Published online and in print by Cobram Courier on December 18, 2013.


Two Christ the King Anglican College students were awarded the Long Tan Leadership and Teamwork Award at the school’s assembly last week.

The prestigious award was started in 2006 by the Australian Defence Force to recognise the contributions outstanding Year 10 and 12 students made to their communities.

Future leaders: Long Tan Leadership and Teamwork Award recipients Jayden Beckwith and Katie Garth. Picture: Toni Brient.

Future leaders: Long Tan Leadership and Teamwork Award recipients Jayden Beckwith and Katie Garth. Picture: Toni Brient.

College recipients, Year 10 student Katie Garth and Year 12 student Jayden Beckwith, are among more than 3000 students Australia-wide to receive the award this year.

Katie’s award was accompanied by a $250 bursary.

Jayden won a $550 bursary and is now a two-time recipient, after being the school’s Year 10 Long Tan student in 2011.

‘‘I feel like I’ve accomplished something and I’ve really done well,’’ he said.

Jayden was part of the school’s student council since Year 8, and served as school captain this year.

Having just completed his studies, Jayden said he hoped to become a legal officer in the defence force.

‘‘Because I’m going into the army itself, I feel that little bit more proud because I’ve actually got a defence force award,’’ he said.

Deputy principal Shae Doyle said Jayden made a huge contribution to the school community.

‘‘He demonstrates all the things you would expect from a leader,’’ Ms Doyle said.

‘‘He’s a good role model for younger students.
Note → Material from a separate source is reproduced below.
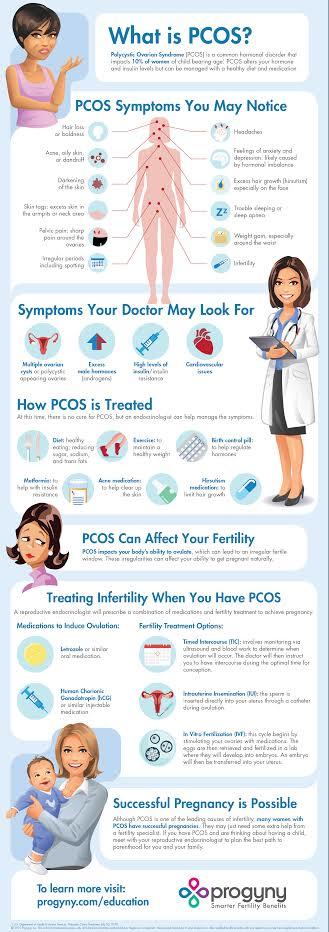 Image 1 - PCOS and its effects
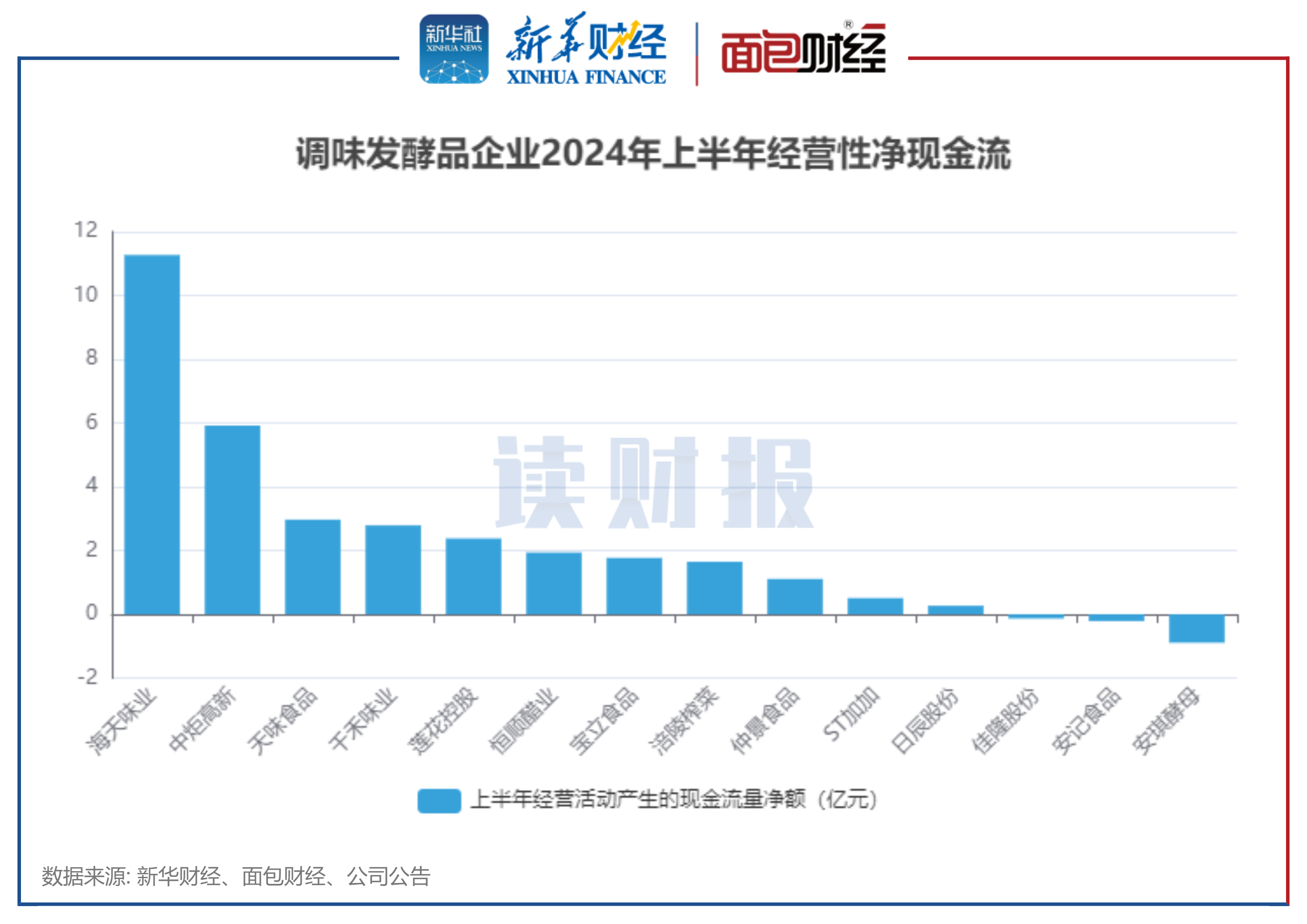 图4：调味发酵品企业2024年上半年经营性净现金流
‘‘He’s reliable and dependable.’’

Ms Doyle said Katie had made an impact not only on the school but also on the wider community after moving to Cobram earlier in the year.

‘‘Katie has only been here a short time, but when there’s a cause to raise money for she’s a driving force behind it,’’ Ms Doyle said.

‘‘She goes about it in a very unassuming way.’’

Katie transferred to Christ the King Anglican College from Oaklands Central School in NSW after gaining an academic scholarship.

Her interest in volunteer work began after a school trip to Melbourne this year to learn about The Big Issue, a magazine sold on city street corners by disadvantaged and homeless people so they can earn a wage.

When she returned, Katie organised a ‘meal deal day’ at the school and raised more than $400 for charity Moira Foodshare.

‘‘They provide meals for people who may not be able to afford a meal once a night or at all,’’ Katie said.

‘‘It’s a sense of community.

‘‘It’s made me feel better that I’ve done something to help.